▶ [Problem to solve] Restate, word for word and with no pictures, the stretch of lines in the data below that begins at the line with "A pencil is" and ends at the line with "There are three", inclusive.

(Saved entries)

────

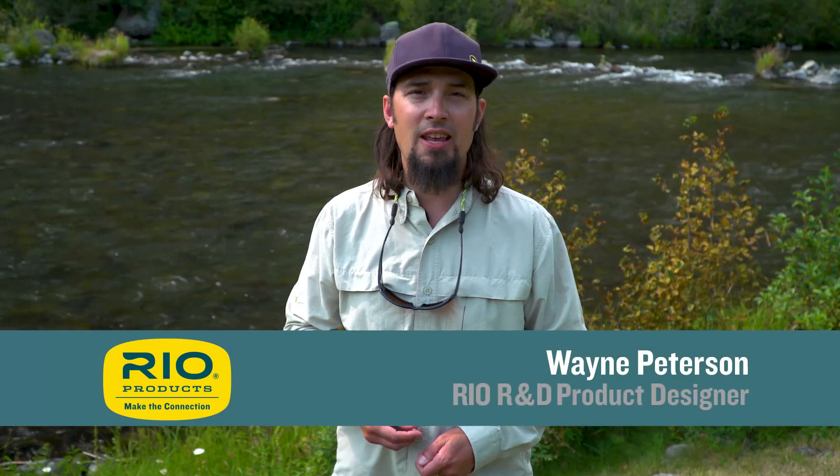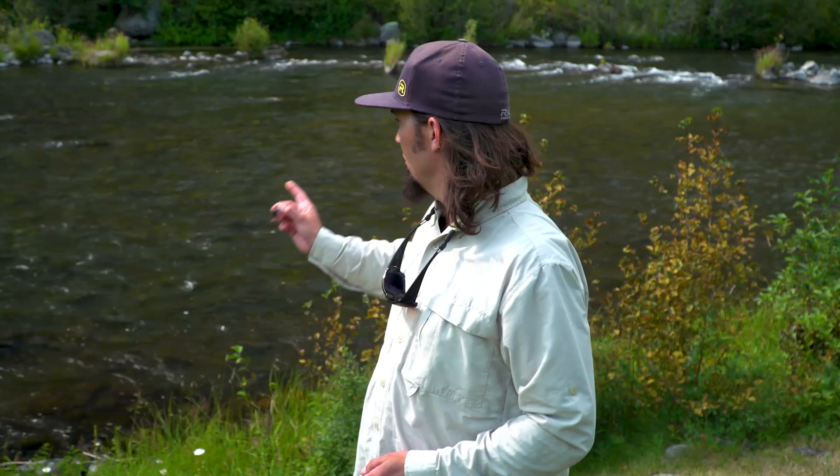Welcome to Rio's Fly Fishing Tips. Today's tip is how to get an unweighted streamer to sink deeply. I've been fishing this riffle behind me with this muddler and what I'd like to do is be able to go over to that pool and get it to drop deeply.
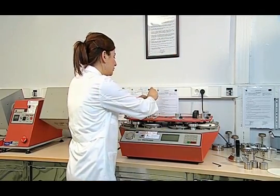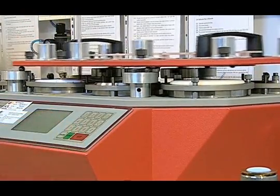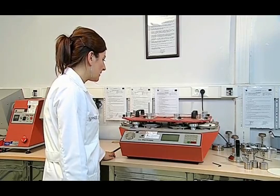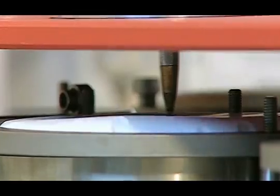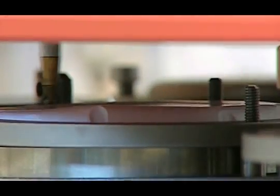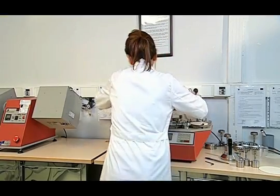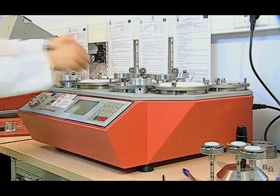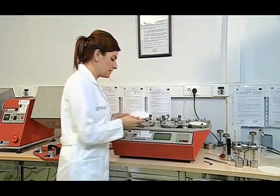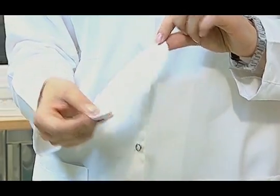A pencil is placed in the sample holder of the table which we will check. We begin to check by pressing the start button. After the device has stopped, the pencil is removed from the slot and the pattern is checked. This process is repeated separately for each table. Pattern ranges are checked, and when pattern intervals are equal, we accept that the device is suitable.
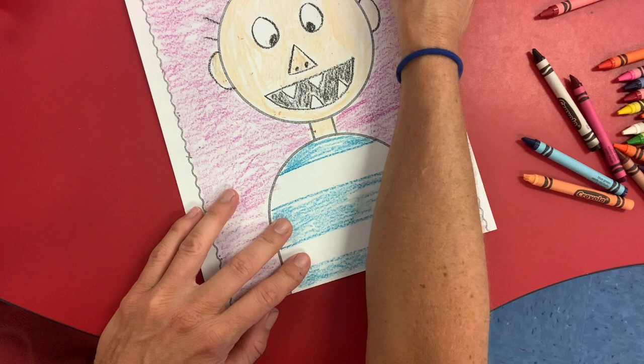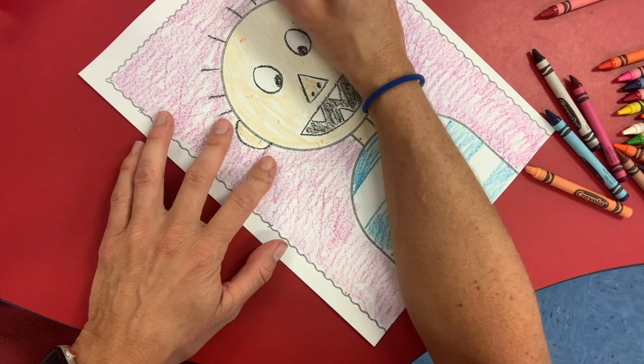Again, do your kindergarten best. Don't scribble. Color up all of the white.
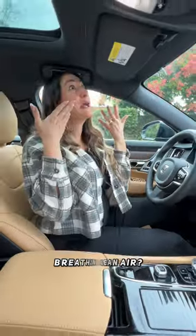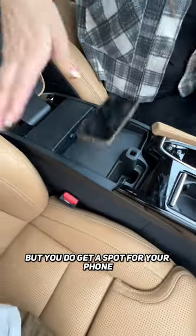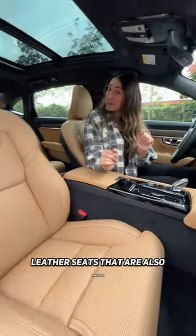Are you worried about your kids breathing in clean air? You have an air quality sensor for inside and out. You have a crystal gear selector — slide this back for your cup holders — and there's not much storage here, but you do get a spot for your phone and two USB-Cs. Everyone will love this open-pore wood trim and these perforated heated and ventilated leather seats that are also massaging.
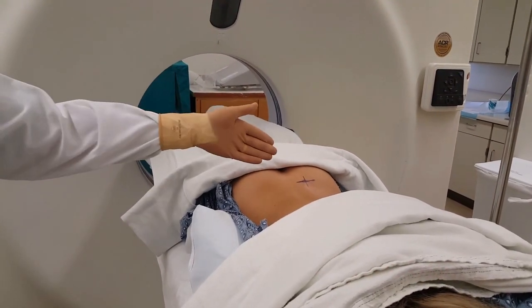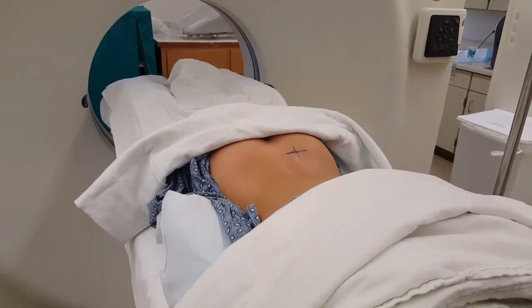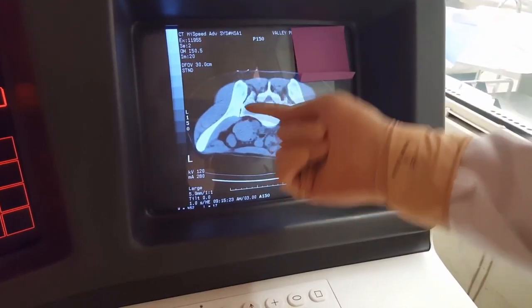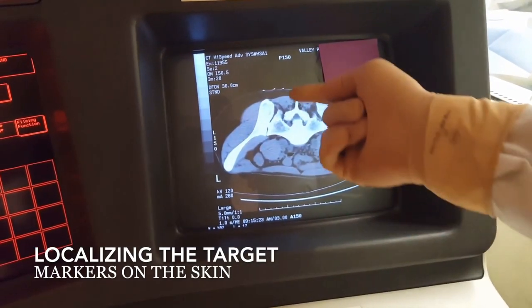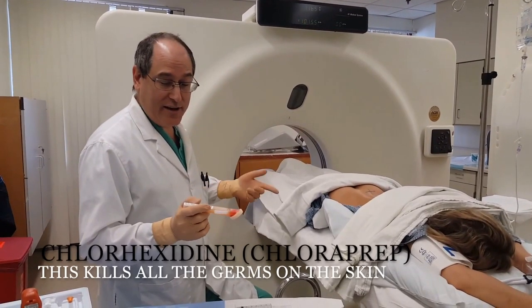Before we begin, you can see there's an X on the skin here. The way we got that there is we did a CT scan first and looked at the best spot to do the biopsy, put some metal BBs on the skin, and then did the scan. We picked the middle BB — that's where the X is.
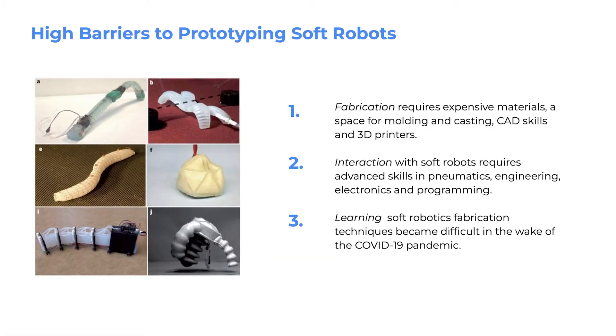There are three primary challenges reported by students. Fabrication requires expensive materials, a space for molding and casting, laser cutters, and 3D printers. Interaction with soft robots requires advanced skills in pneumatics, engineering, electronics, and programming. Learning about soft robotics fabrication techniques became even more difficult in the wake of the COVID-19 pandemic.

────

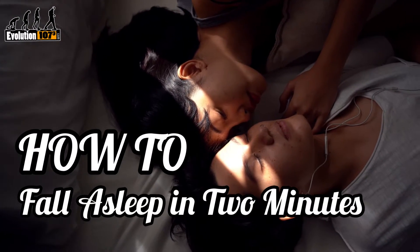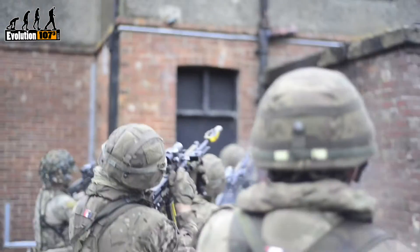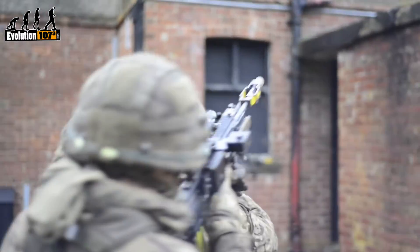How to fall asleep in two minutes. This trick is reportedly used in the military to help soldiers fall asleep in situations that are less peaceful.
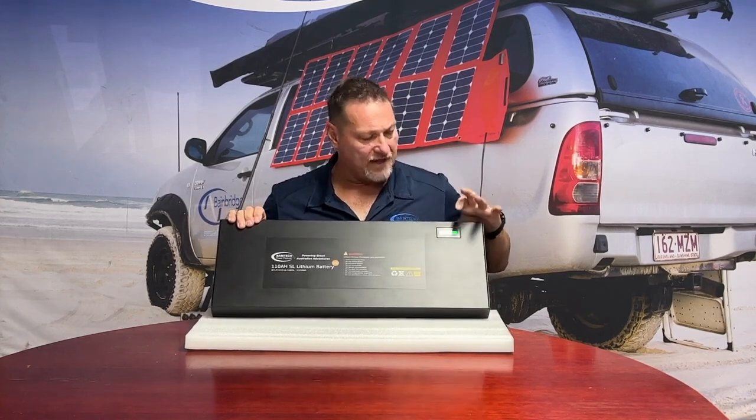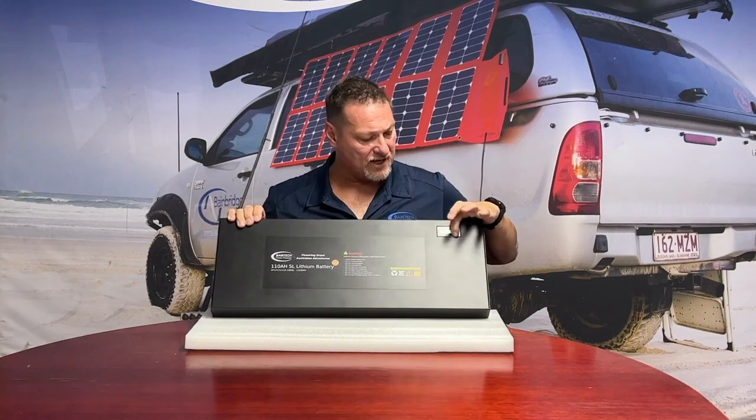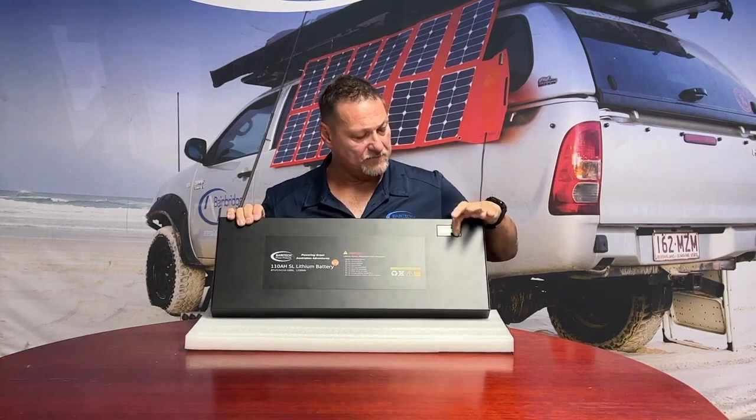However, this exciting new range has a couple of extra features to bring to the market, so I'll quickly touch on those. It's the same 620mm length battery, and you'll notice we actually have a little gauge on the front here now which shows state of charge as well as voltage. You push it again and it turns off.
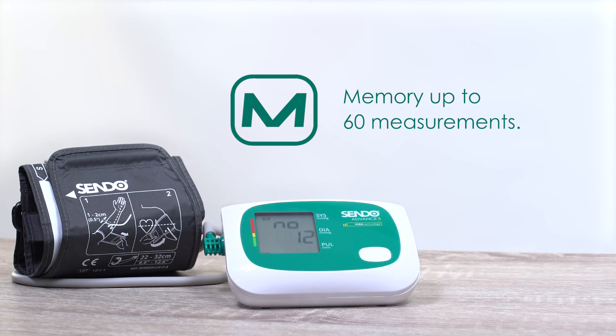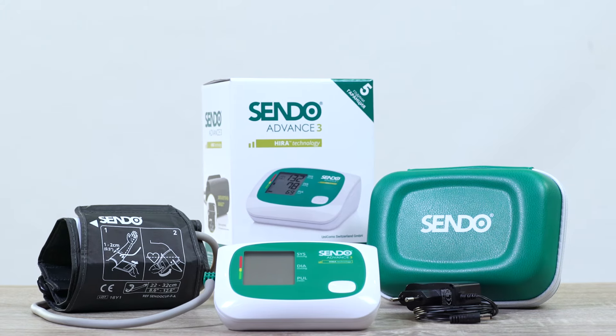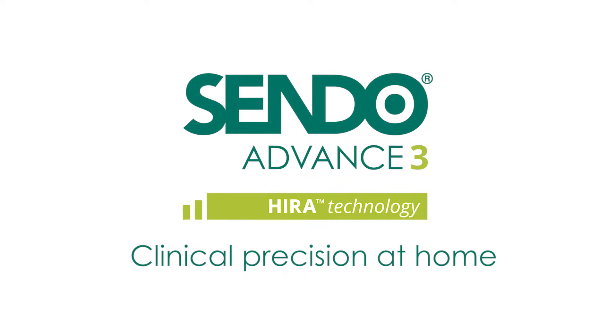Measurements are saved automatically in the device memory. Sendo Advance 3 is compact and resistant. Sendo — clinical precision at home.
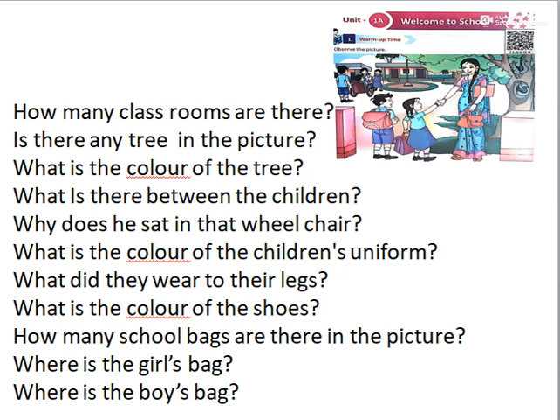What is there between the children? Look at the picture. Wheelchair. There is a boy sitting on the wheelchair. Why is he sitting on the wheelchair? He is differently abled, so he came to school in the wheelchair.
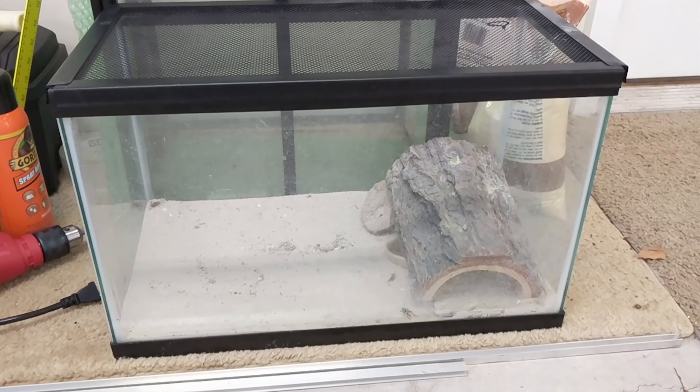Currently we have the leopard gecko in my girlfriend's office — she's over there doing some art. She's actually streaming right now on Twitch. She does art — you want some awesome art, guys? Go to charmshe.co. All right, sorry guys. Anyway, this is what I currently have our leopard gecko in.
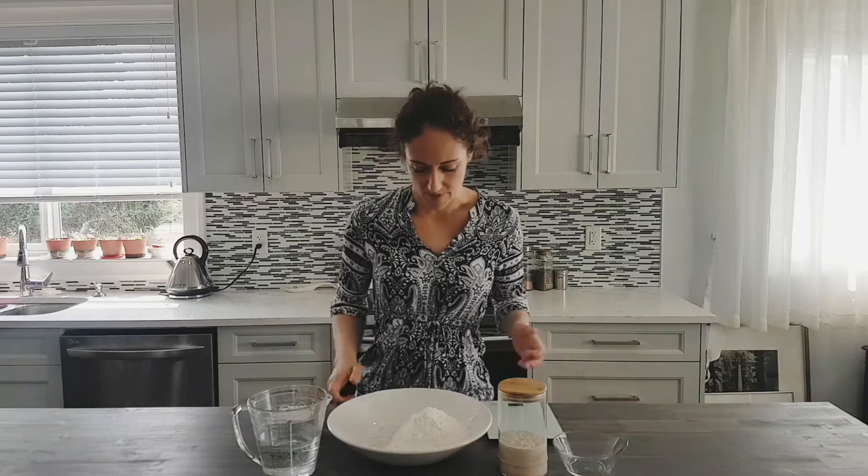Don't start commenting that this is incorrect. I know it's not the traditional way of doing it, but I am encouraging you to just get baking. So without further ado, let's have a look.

────

▶ [Solution]
A pencil is placed in the sample holder of the table which we will check. We begin to check by pressing the start button. After the device has stopped, the pencil is removed from the slot and the pattern is checked. This process is repeated separately for each table. Pattern ranges are checked, and when pattern intervals are equal, we accept that the device is suitable.
Again, do your kindergarten best. Don't scribble. Color up all of the white.
Are you worried about your kids breathing in clean air? You have an air quality sensor for inside and out. You have a crystal gear selector — slide this back for your cup holders — and there's not much storage here, but you do get a spot for your phone and two USB-Cs. Everyone will love this open-pore wood trim and these perforated heated and ventilated leather seats that are also massaging.
Before we begin, you can see there's an X on the skin here. The way we got that there is we did a CT scan first and looked at the best spot to do the biopsy, put some metal BBs on the skin, and then did the scan. We picked the middle BB — that's where the X is.
There are three primary challenges reported by students. Fabrication requires expensive materials, a space for molding and casting, laser cutters, and 3D printers. Interaction with soft robots requires advanced skills in pneumatics, engineering, electronics, and programming. Learning about soft robotics fabrication techniques became even more difficult in the wake of the COVID-19 pandemic.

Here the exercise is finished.